Supplied material START
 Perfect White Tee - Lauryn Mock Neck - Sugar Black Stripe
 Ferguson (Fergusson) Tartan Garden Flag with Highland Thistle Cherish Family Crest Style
Supplied material END
Supplied material START
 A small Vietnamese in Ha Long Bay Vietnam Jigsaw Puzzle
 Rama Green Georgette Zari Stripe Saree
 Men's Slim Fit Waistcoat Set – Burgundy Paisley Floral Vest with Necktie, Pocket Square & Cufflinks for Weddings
Supplied material END
Working from the data above, extract solely the lines from the one containing "Perfect White Tee" through the one containing "Ferguson (Fergusson) Tartan", exactly as they appear, both included.

Exercise answer:
 Perfect White Tee - Lauryn Mock Neck - Sugar Black Stripe
 Ferguson (Fergusson) Tartan Garden Flag with Highland Thistle Cherish Family Crest Style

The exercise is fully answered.